* [WHAT TO PRODUCE]: A faithful, complete copy of the records is required.

*** Opening of PROVIDED DATA ***

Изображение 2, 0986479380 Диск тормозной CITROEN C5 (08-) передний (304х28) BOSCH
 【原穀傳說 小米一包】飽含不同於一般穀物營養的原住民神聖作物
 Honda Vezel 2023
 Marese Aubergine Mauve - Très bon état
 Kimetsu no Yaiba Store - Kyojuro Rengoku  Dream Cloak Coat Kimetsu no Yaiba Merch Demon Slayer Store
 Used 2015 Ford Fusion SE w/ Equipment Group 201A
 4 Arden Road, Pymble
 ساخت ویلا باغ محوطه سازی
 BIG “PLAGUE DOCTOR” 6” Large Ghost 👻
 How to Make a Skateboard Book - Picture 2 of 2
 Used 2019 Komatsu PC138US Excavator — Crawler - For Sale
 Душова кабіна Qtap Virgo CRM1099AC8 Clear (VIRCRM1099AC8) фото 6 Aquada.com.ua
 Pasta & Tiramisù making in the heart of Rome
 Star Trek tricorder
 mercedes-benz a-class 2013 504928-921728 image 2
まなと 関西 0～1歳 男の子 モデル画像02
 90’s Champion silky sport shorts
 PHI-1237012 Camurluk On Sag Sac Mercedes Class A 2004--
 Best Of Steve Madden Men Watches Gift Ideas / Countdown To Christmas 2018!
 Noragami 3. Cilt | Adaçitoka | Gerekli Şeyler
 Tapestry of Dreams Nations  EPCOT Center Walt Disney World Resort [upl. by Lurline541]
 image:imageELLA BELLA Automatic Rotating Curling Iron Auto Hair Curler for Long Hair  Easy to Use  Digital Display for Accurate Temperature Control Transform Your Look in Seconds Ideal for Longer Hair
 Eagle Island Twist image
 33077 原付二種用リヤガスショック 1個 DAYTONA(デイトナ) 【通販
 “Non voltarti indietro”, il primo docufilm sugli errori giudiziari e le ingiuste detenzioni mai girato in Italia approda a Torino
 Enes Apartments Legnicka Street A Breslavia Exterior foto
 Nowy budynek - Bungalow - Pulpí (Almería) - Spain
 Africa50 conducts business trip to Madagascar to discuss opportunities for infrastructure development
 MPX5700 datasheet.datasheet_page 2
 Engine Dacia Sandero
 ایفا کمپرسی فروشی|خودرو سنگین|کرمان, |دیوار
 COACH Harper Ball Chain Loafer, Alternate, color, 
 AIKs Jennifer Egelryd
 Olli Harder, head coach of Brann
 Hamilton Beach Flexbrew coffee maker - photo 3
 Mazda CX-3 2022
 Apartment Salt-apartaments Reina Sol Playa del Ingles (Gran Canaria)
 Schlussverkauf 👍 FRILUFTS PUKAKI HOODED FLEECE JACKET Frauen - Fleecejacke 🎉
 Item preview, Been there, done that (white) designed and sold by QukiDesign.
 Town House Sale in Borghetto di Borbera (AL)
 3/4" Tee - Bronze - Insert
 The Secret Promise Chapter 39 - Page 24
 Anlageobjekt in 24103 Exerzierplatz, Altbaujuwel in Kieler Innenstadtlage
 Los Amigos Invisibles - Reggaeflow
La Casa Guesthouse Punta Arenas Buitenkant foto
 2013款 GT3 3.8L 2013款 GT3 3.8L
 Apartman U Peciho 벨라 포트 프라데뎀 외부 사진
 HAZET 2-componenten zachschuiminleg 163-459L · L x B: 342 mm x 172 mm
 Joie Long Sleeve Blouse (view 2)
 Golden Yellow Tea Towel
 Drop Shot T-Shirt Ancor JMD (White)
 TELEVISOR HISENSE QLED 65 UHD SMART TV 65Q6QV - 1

*** Close of PROVIDED DATA ***

* [TASK SOLUTION]:
Изображение 2, 0986479380 Диск тормозной CITROEN C5 (08-) передний (304х28) BOSCH
 【原穀傳說 小米一包】飽含不同於一般穀物營養的原住民神聖作物
 Honda Vezel 2023
 Marese Aubergine Mauve - Très bon état
 Kimetsu no Yaiba Store - Kyojuro Rengoku  Dream Cloak Coat Kimetsu no Yaiba Merch Demon Slayer Store
 Used 2015 Ford Fusion SE w/ Equipment Group 201A
 4 Arden Road, Pymble
 ساخت ویلا باغ محوطه سازی
 BIG “PLAGUE DOCTOR” 6” Large Ghost 👻
 How to Make a Skateboard Book - Picture 2 of 2
 Used 2019 Komatsu PC138US Excavator — Crawler - For Sale
 Душова кабіна Qtap Virgo CRM1099AC8 Clear (VIRCRM1099AC8) фото 6 Aquada.com.ua
 Pasta & Tiramisù making in the heart of Rome
 Star Trek tricorder
 mercedes-benz a-class 2013 504928-921728 image 2
まなと 関西 0～1歳 男の子 モデル画像02
 90’s Champion silky sport shorts
 PHI-1237012 Camurluk On Sag Sac Mercedes Class A 2004--
 Best Of Steve Madden Men Watches Gift Ideas / Countdown To Christmas 2018!
 Noragami 3. Cilt | Adaçitoka | Gerekli Şeyler
 Tapestry of Dreams Nations  EPCOT Center Walt Disney World Resort [upl. by Lurline541]
 image:imageELLA BELLA Automatic Rotating Curling Iron Auto Hair Curler for Long Hair  Easy to Use  Digital Display for Accurate Temperature Control Transform Your Look in Seconds Ideal for Longer Hair
 Eagle Island Twist image
 33077 原付二種用リヤガスショック 1個 DAYTONA(デイトナ) 【通販
 “Non voltarti indietro”, il primo docufilm sugli errori giudiziari e le ingiuste detenzioni mai girato in Italia approda a Torino
 Enes Apartments Legnicka Street A Breslavia Exterior foto
 Nowy budynek - Bungalow - Pulpí (Almería) - Spain
 Africa50 conducts business trip to Madagascar to discuss opportunities for infrastructure development
 MPX5700 datasheet.datasheet_page 2
 Engine Dacia Sandero
 ایفا کمپرسی فروشی|خودرو سنگین|کرمان, |دیوار
 COACH Harper Ball Chain Loafer, Alternate, color, 
 AIKs Jennifer Egelryd
 Olli Harder, head coach of Brann
 Hamilton Beach Flexbrew coffee maker - photo 3
 Mazda CX-3 2022
 Apartment Salt-apartaments Reina Sol Playa del Ingles (Gran Canaria)
 Schlussverkauf 👍 FRILUFTS PUKAKI HOODED FLEECE JACKET Frauen - Fleecejacke 🎉
 Item preview, Been there, done that (white) designed and sold by QukiDesign.
 Town House Sale in Borghetto di Borbera (AL)
 3/4" Tee - Bronze - Insert
 The Secret Promise Chapter 39 - Page 24
 Anlageobjekt in 24103 Exerzierplatz, Altbaujuwel in Kieler Innenstadtlage
 Los Amigos Invisibles - Reggaeflow
La Casa Guesthouse Punta Arenas Buitenkant foto
 2013款 GT3 3.8L 2013款 GT3 3.8L
 Apartman U Peciho 벨라 포트 프라데뎀 외부 사진
 HAZET 2-componenten zachschuiminleg 163-459L · L x B: 342 mm x 172 mm
 Joie Long Sleeve Blouse (view 2)
 Golden Yellow Tea Towel
 Drop Shot T-Shirt Ancor JMD (White)
 TELEVISOR HISENSE QLED 65 UHD SMART TV 65Q6QV - 1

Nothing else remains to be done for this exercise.